« Parenting

CSI: Alexander or A Forensic Scientist's Approach to Raising a Non-Verbal Autistic Child

by Brad Ludwig

How do you stop the tears of your child when they can't tell you what is wrong?

This is something we've wrestled with. One minute, Alex is smiling and laughing away and the next he's almost inconsolably crying. I start the conversation, "What's wrong, buddy?" He struggles to say, "I want more happy, please." Yikes. How did we get here?

I've mentioned that Alex has some verbal skills and we encourage his practice of speaking. The more he does it, the more comfortable he gets with it.
His auditory processing issues, together with echolalia, can make getting to the bottom of something very difficult. Echolalia is a good sign that your child is hearing what you say but doesn't have an answer or doesn't understand. It can be frustrating or hilarious, depending on the situation.
Alex's echolalia works like this. "Daddy doesn't understand what you want." He'll reply, "Want." He repeats the last word he's heard, if he's not understanding what you are saying. It can be like the old Who's on First  routine by Abbott and Costello.

This image is in the public domain.  

I've had to really open up my senses and put myself in Alex shoes to figure out what is bothering him. It can be as simple as closing my eyes so I can better focus on the sounds around me. (Loud fans or 'unexpected air-conditioning' can throw him off.) Look at the area around him and really take in the view. Did he see an dog nearby? (Animals larger than a cat scare him. Dogs really freak him out. I'll have to write about our trip to the fair, where he saw his first horse.) It may sound New Age-y but I really need to focus on my surrounding to anticipate if something might trigger Alex to have a melt-down. Then energy spent doing that is far less than the energy it takes to get him re-regulated.

I recently did some work in my basement. I had to turn the power off to the lights as I was replacing a fixture. I heard Alex come down the stairs. He's not a fan of the dark but can manage. I shined the light to give him a clear view of where to walk to come over to me. He stood and watched what I was doing. I continued to work. (He's fascinated with watching me work on projects and how I use tools.) I worked for about 15 minutes and then I heard him cry, quietly. I looked up and he was wiping tears from his eyes. I asked him what was wrong. He shook his head No. Hmmmm. It took a bit but I reasoned that he was bored but was afraid to leave because he couldn't walk through the dark to get back to the stairs. I apologized profusely and took him by the hand and walked upstairs with him. Then he was fine.

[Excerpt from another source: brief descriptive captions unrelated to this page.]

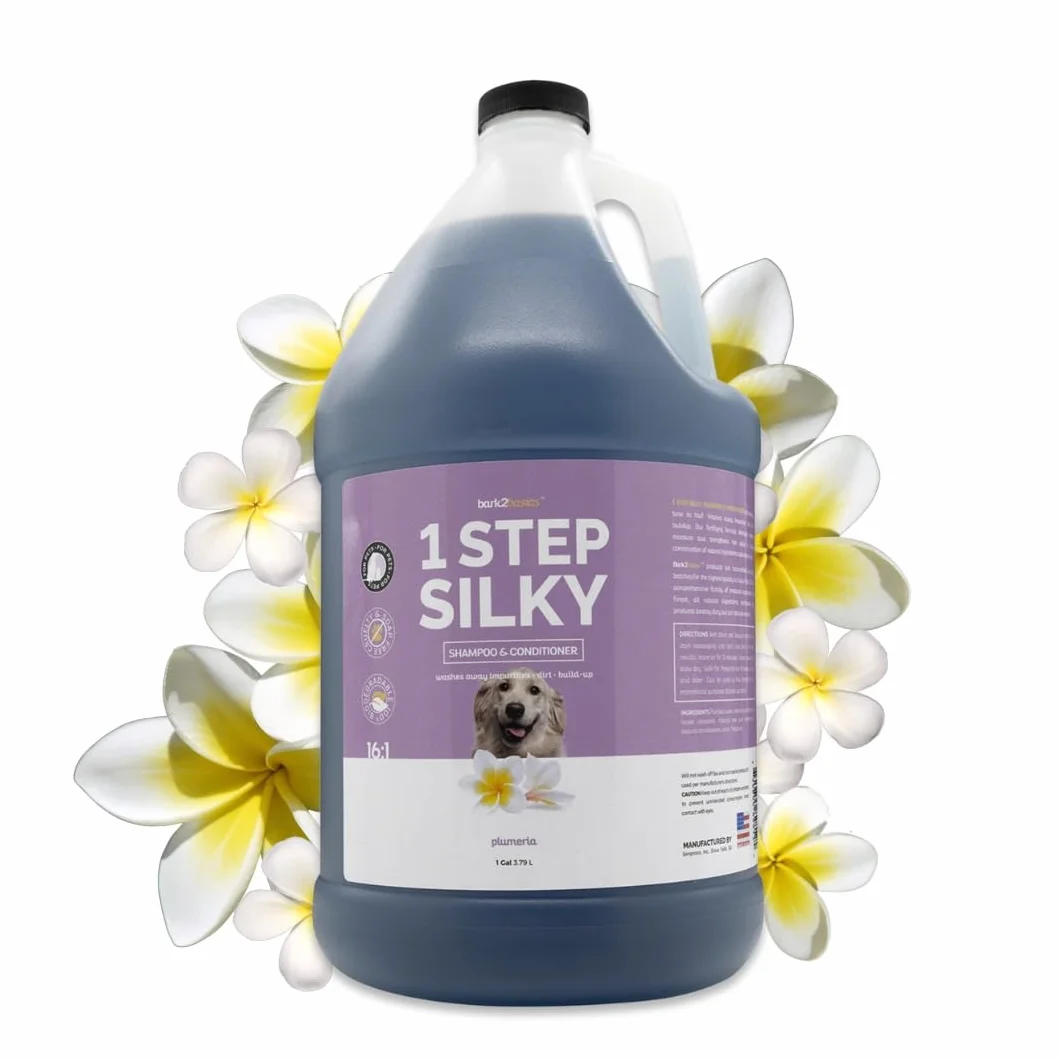 Bark2Basics Jedwabisty Szampon dla psa w jednym kroku z odżywką, 1 galon - wszystkie naturalne składniki, skraca czas kąpieli, rozcieńczony do 16: 1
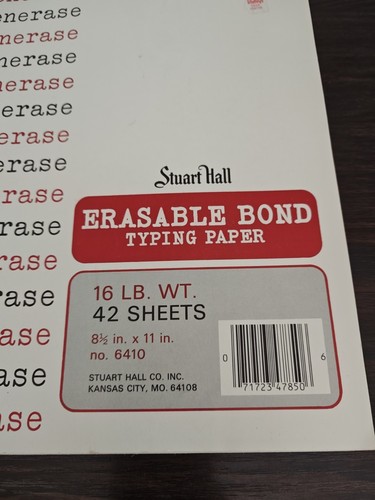 Vintage Stuart Hall löschbares Bond Schreibpapier, 16 Pfund Breite, 8,5 x 11, Nr. 6410 - Bild 2 von 4
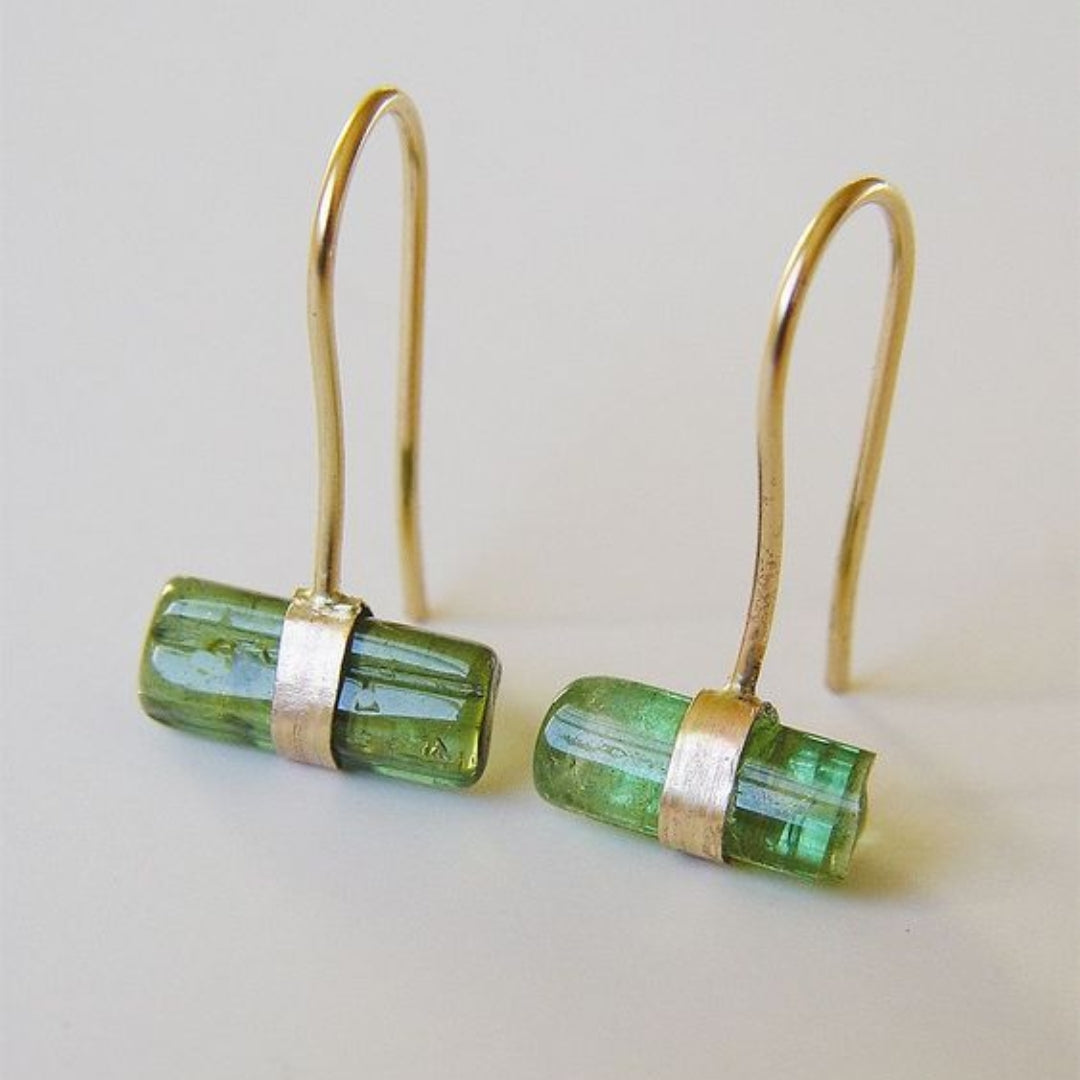 Caravanas Cristal Verde Vintage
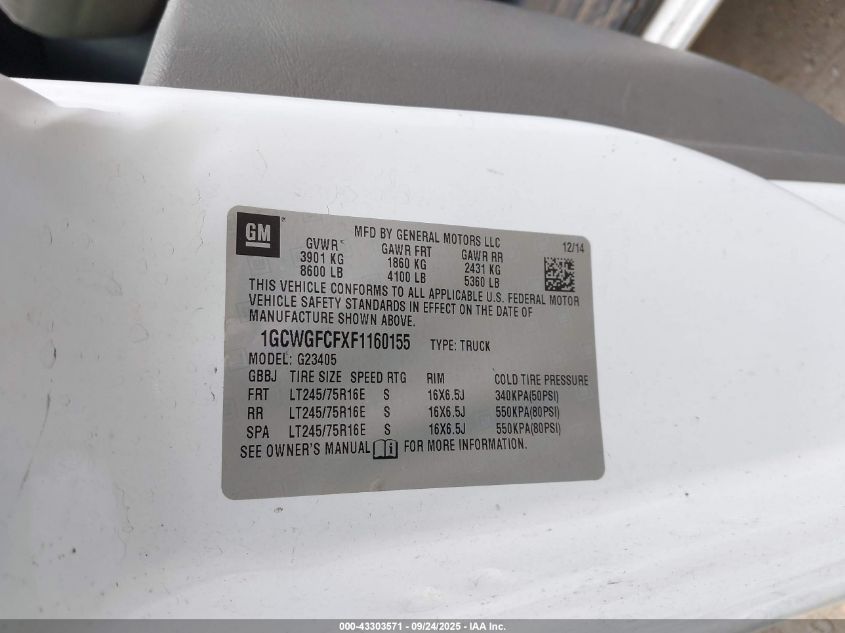 2015 Chevrolet Express 2500 Work Van VIN: 1GCWGFCFXF1160155 Lot: 43303571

This past weekend, he asked me, "I want more happy please." and he held out his hand. It's times like this that are truly wonderful. He invites me in to help me understand what he is looking for. He led me to the couch and sat down. I paused and thought about this scene. He wasn't upset, he just sat down... hmmm. I asked him "Do you want to hang out with your Daddy?" He nodded. All he wanted was to sit on the couch, watch TV and cuddle with Dad.

I treasure these moments because they won't last forever.